Associate Professor of Biology Rebecca Page and Associate Professor of Medical Science Wolfgang Peti have successfully developed a new process to determine the detailed structure of proteins, looking specifically at a protein complex called p38alpha-HePTP. Their findings, published Nov. 6 in the online journal Nature Chemical Biology, could have significant applications in the development of new pharmaceuticals.
The team's research focused on p38, a member of the kinase family of enzymes. These proteins are part of the signaling pathway that initiates cellular response mechanisms, such as inflammation, cell death, growth and differentiation. When the kinase malfunctions, it can cause Alzheimer's disease, rheumatoid arthritis and cancer, Page said.
Their new method for determining protein structure integrates small-angle X-ray scattering and nuclear magnetic resonance spectroscopy, allowing a greater level of detail and representing "a new wavefront of biology," said Dorothy Koveal GS, co-author of the study.

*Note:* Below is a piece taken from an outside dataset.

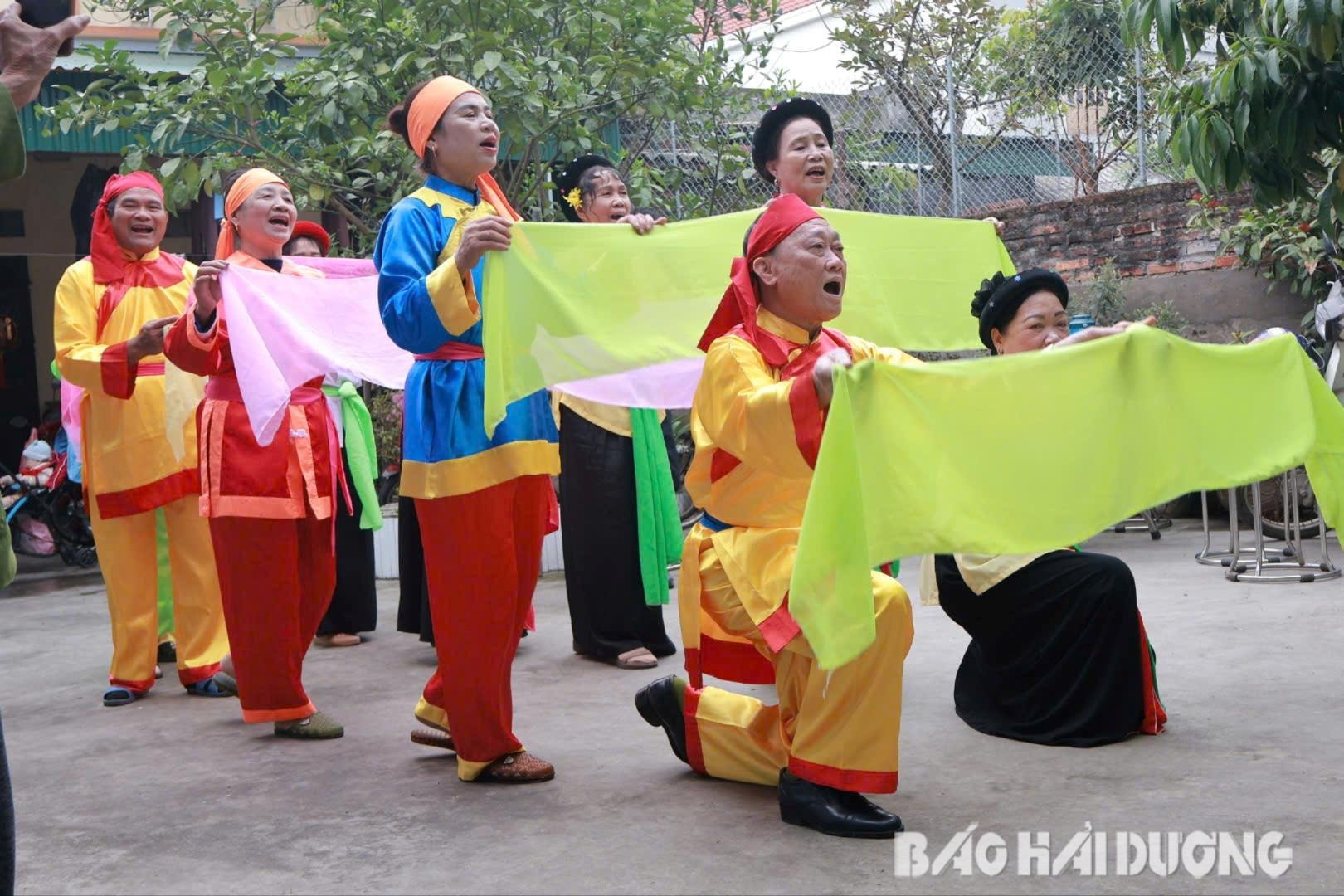 Những thành viên trong câu lạc bộ đến với nhau bằng tình yêu chèo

A greater-resolution molecular structure tells pharmaceutical developers which region a new drug should target to prevent disease-related kinase functions. "This is an entirely novel pathway for drug development," Page said. It is relatively easy to find a drug that shuts off the kinase completely, but since kinases carry out a number of other essential cell functions, this is not an ideal course of action, she added.
Page and Peti aimed to figure out how the protein HePTP interacts with the kinase p38. They used nuclear magnetic resonance spectroscopy, which allows researchers to determine a protein's chemical composition, giving a hint of the complex's structure.

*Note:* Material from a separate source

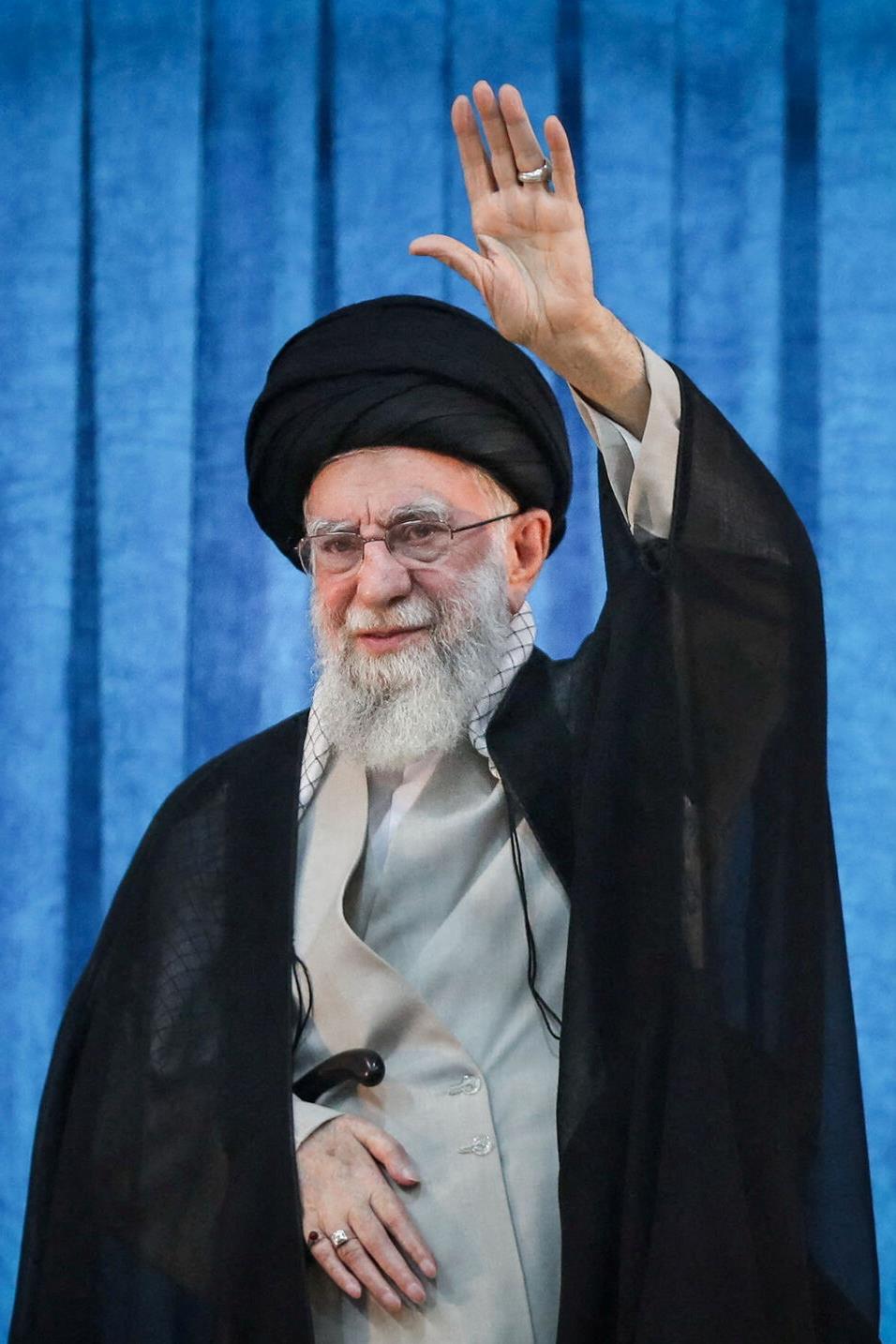 La mort de Khamenei va "beaucoup déstabiliser les Gardiens de la révolution et le clergé chiite"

Looking at the differences in chemical composition of p38 compared to that of the p38alpha-HePTP complex, the team knew which chemical subunits of p38 were affected by HePTP binding. Therefore, they knew which regions of the kinase were directly involved in its interaction with HePTP.
Small-angle X-ray scattering then allowed researchers to determine the protein's three-dimensional shape.

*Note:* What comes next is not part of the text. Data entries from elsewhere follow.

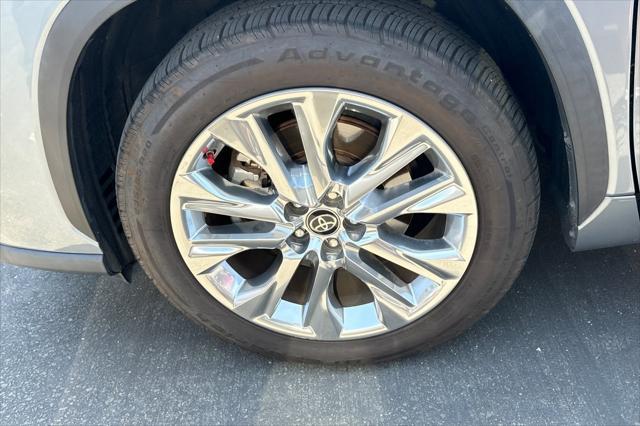used 2020 Toyota Highlander car, priced at $30,981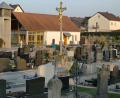 Bild: sh
Ein Blick auf den Schnaittenbacher Friedhof mit dem großen Friedhofskreuz und dem Leichenhaus.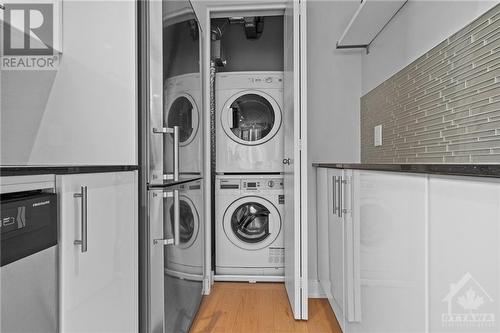 40 Nepean Street Unit#1401, Ottawa, ON - Indoor Photo Showing Laundry Room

The research team is now looking to use their innovative technique to examine the structures of similar protein complexes, Page said.
The research was "quite labor-intensive," said Dana Francis GS, lead author of the paper.
For the SAXS data collection, the team would sometimes work 12-hour nights, from 7 p.m. to 7 a.m., at the Brookhaven National Laboratory facility on Long Island. "We would be up all night collecting data … and kind of going a little crazy," Francis said.
The research also required very careful preparation of the samples, Page said. Several times, the team members would have to take shifts to carry out 72 hours of continuous preparation.